LISTED ENTRIES ::
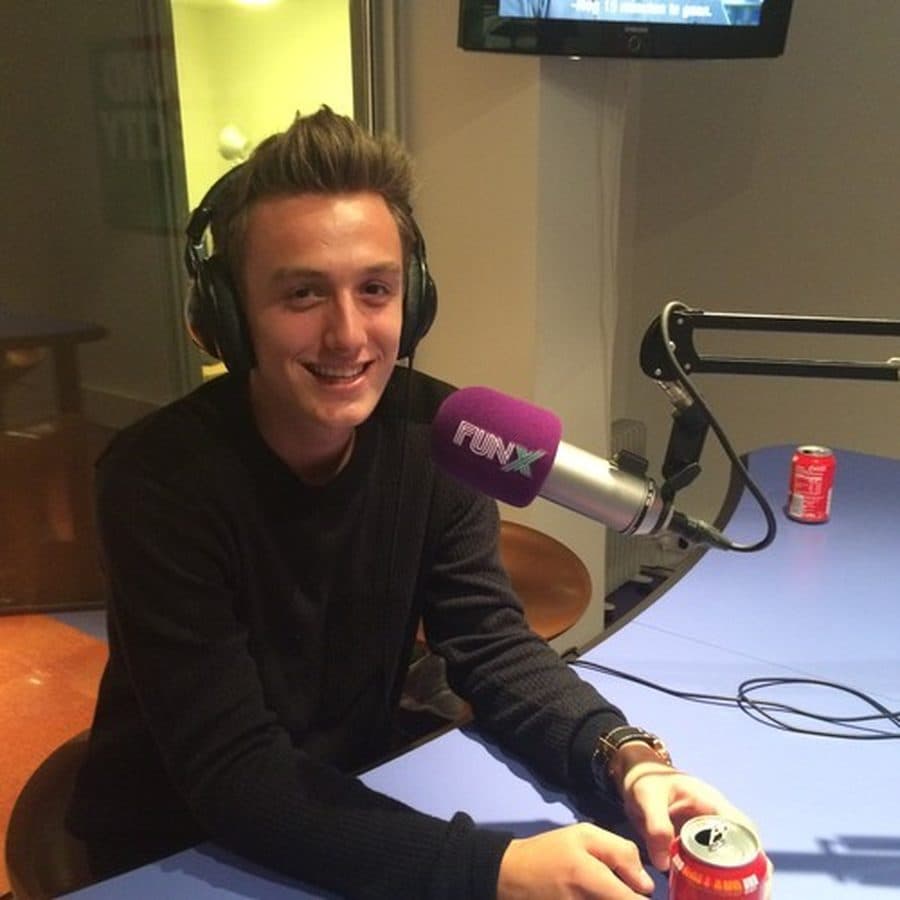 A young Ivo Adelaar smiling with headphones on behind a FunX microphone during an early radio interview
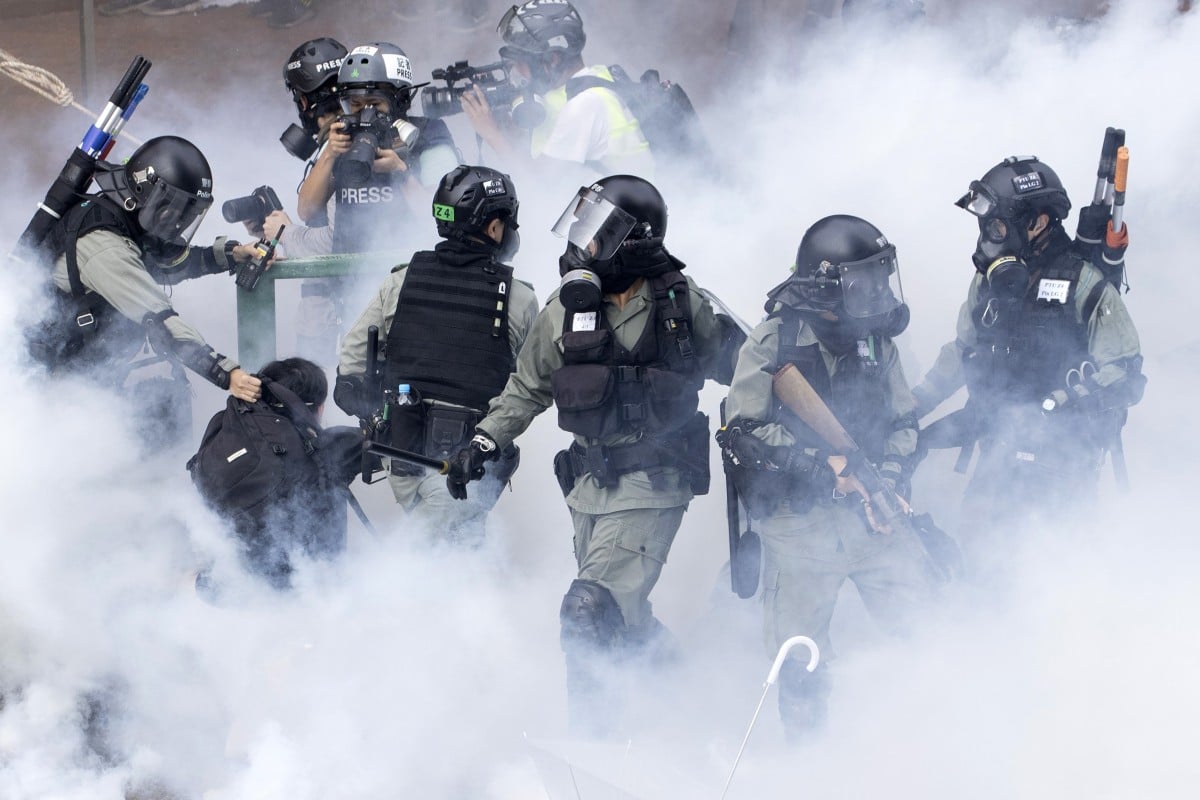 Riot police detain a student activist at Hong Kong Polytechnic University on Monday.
--
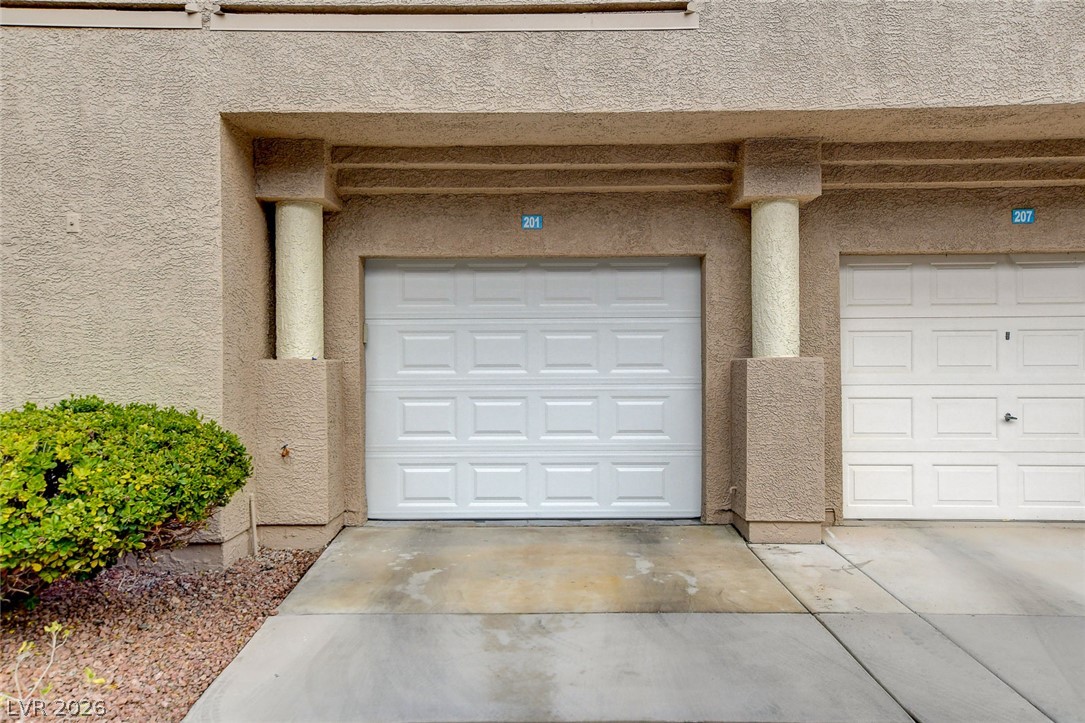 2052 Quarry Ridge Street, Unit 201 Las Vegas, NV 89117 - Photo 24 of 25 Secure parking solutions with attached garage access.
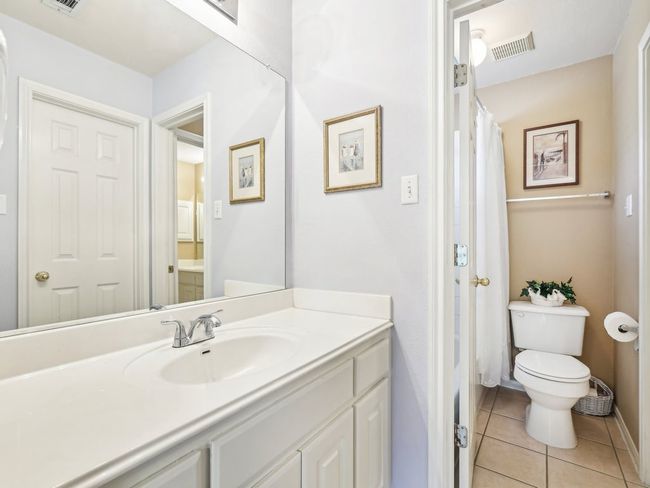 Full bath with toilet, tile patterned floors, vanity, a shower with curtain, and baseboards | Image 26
--
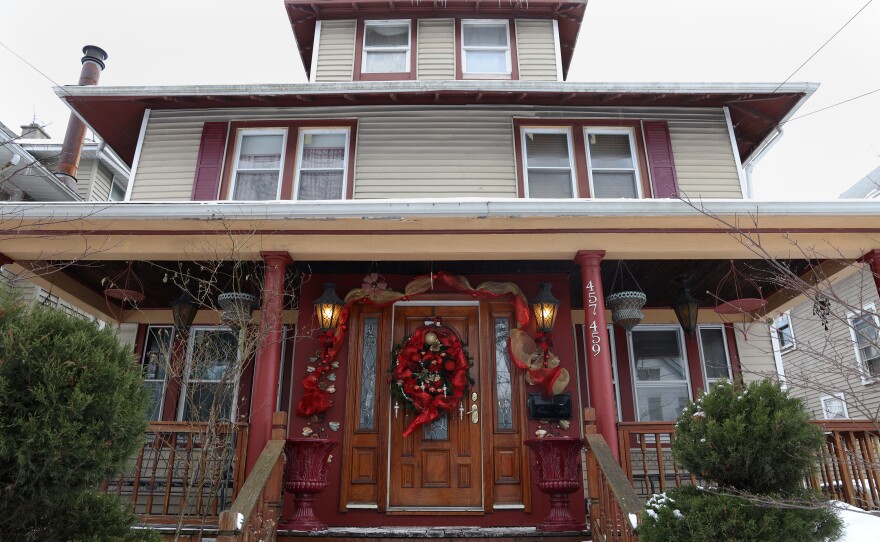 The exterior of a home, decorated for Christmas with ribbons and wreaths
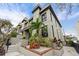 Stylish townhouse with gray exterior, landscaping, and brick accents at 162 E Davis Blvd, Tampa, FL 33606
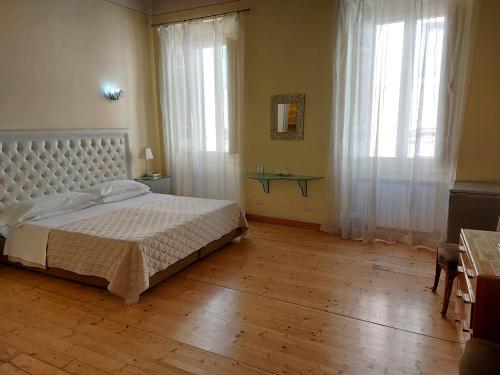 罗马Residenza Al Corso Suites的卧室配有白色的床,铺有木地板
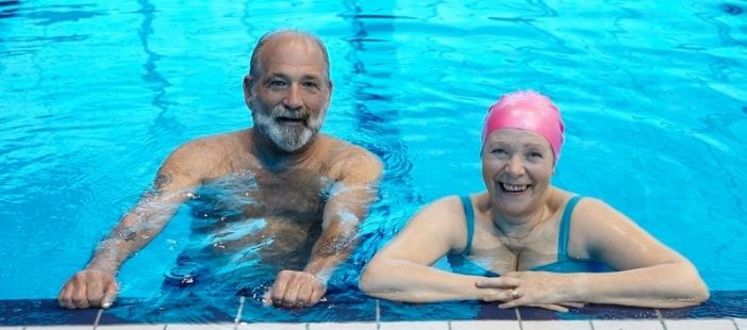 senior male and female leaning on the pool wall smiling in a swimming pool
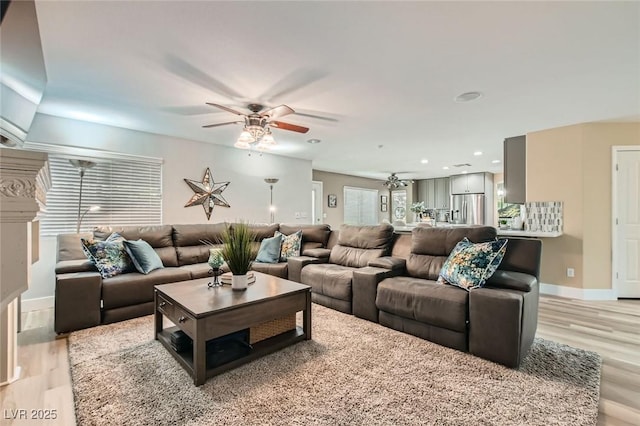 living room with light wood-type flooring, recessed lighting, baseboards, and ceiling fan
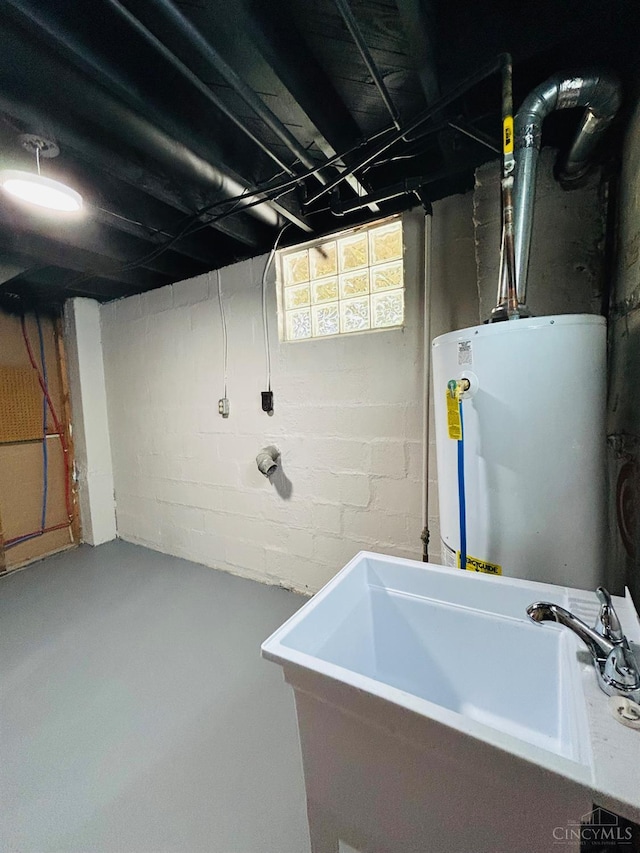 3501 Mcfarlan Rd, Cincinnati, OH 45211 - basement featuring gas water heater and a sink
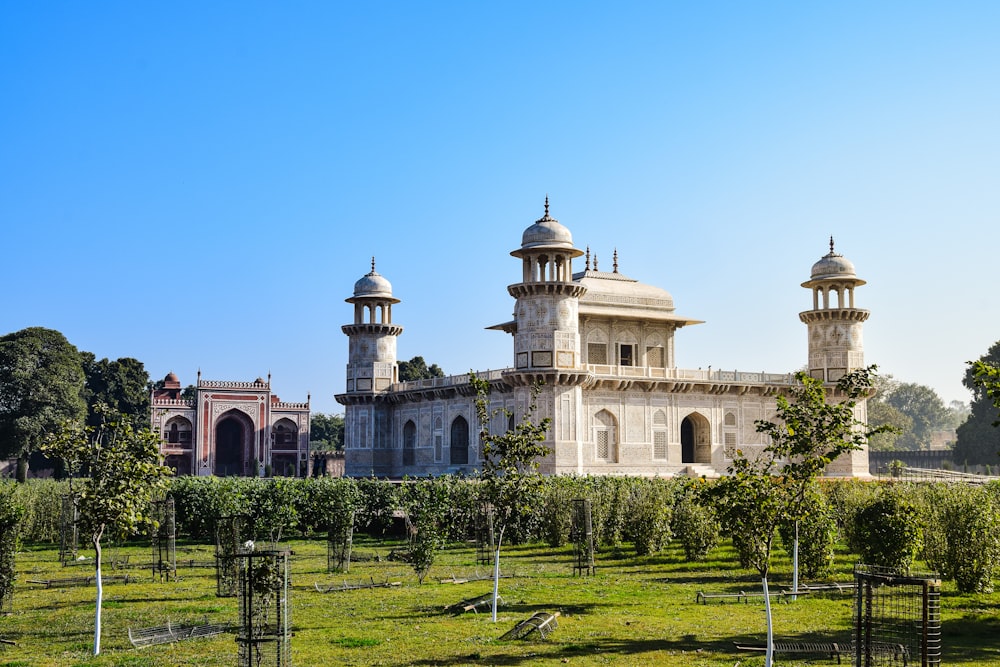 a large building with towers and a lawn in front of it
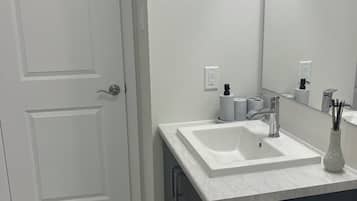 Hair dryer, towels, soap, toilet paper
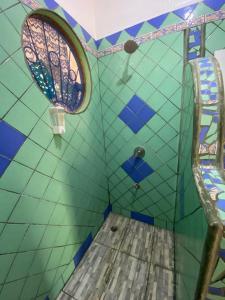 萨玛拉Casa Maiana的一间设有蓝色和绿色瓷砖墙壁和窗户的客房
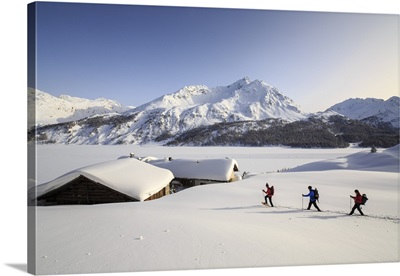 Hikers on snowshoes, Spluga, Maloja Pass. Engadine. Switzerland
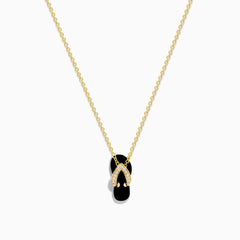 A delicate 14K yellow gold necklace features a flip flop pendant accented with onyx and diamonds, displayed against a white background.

EXERCISE OBJECTIVE ::
Pictures excluded, give again exactly and only the lines of the material above from the line with "senior male and" through the line with "A delicate 14K".

TASK SOLUTION ::
 senior male and female leaning on the pool wall smiling in a swimming pool
 living room with light wood-type flooring, recessed lighting, baseboards, and ceiling fan
 3501 Mcfarlan Rd, Cincinnati, OH 45211 - basement featuring gas water heater and a sink
 a large building with towers and a lawn in front of it
 Hair dryer, towels, soap, toilet paper
 萨玛拉Casa Maiana的一间设有蓝色和绿色瓷砖墙壁和窗户的客房
 Hikers on snowshoes, Spluga, Maloja Pass. Engadine. Switzerland
 A delicate 14K yellow gold necklace features a flip flop pendant accented with onyx and diamonds, displayed against a white background.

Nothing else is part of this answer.